大量消費、大量廃棄→環境への意識高まる

出典:朝日小学生新聞 2018年10月2日付

 生活のなかで身近に行われているごみの分別やリサイクル。今では当たり前ですが、国民全体が取り組み始めたのは平成になってからです。大量に消費し、大量に捨てていた時代を終え、環境への意識が高まった平成をふりかえります。(浴野朝香)

ごみの分別やリサイクル 「エコレンジャー」がエコ活動
 「ペットボトルのキャップを捨てずに集めると、どんなことに役立つと思いますか」。体育館に集まった児童にそう問いかけるのは、神奈川県厚木市立戸田小学校の「エコレンジャー」のメンバーです。

 エコレンジャーとは、学校全体で楽しく環境活動に取り組もうと、子どもたちが考えて作った5色のキャラクターです。

 緑を大切にするエコグリーン、電気をむだにしないエコイエロー、給食の食べ残しを減らすエコパープル、水を大切に使うエコブルー、学校の花だんを花いっぱいにするエコピンク。環境問題への意識を高めてもらおうと、環境や図書などの委員会の委員長がキャラクターをつとめ、学校行事の時に劇やクイズなどを披露します。

 キャラクターの効果もあり、同校ではすべての子どもたちがごみの分別やペットボトルのキャップの回収などに取り組んでいます。キャラクターを作ったのは2012年度ですが、同校ではそれ以前から子どもたちが中心となってエコ活動を続けてきました。

環境団体から認証
 これらの活動は、世界最大規模の環境団体「国際環境教育基金」が定めた環境活動の基準を満たしていると認められ、12年度に同団体から「グリーンフラッグ」という認証をあたえられました。認証は日本の小学校として3番目で、2年に1度の審査を通過し続けています。

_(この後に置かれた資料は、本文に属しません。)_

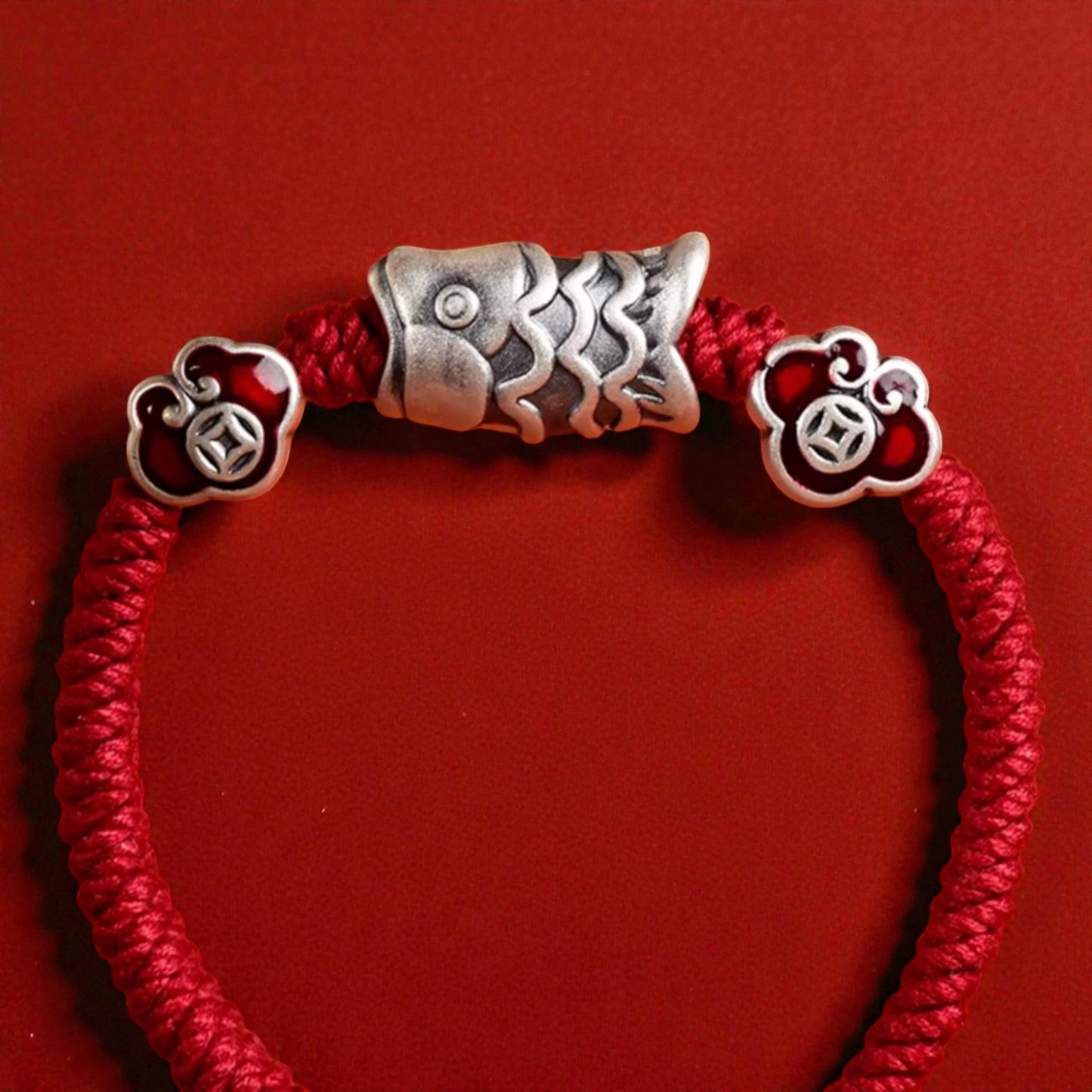 999 Real Silver Enamel Koi Fish Charm Hand Braided Woven Bracelet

 児童会の委員長でエコレンジャーのメンバーでもある6年生は「学校全体だけでなく、地域にもエコ活動を広げていきたい」と意気ごみます。

災害ごみなど問題 まだ山積み
 子どもたちには生活の一部になっているごみの分別やリサイクルですが、「ごみを減らすという意識が国全体に出てきたのは平成のはじめです」。そう話すのは、ごみ問題にくわしい東京大学大学院工学系研究科教授の森口祐一さんです。

 きっかけとなったのは、1991(平成3)年の廃棄物処理法の改正です。増えすぎたごみをうめ立てて処分する場所が足りなくなったことに国が危機感を持ち、法律が改正されました。ごみの量を減らすことと、リサイクルや分別を進めることが明記されました。

 92(平成4)年にブラジル・リオデジャネイロで開かれた地球サミットで「持続可能な開発」がうたわれたこともきっかけとなりました。

 森口さんによると、環境の問題は平成までは特定の人や場所の問題だと考えられていました。しかし、平成以降、日本、世界、地球全体の問題に広がりました。「平成の半ばにかけて法律やきまりなどが整備され、以後一人ひとりの意識に定着していったと言えるでしょう」

 環境省によると、1人が1日に出すごみの量は2000(平成12)年の1185グラムをピークに減り続けています。16(平成28)年は925グラムまで減りました。

 平成は終わりに近づいていますが、ごみの問題はなかなか解決していません。最近は5ミリ以下の小さなプラスチックのつぶ「マイクロプラスチック」が海を汚していて国際的な課題になっています。国内では災害が相次ぎ、大量の災害ごみの処分が問題になっています。

 森口さんは「環境問題を解決すればいいという時代は終わり、これからは環境をふくめ、災害などいろいろな問題を同時に解決していかなければならなくなるでしょう」と話しています。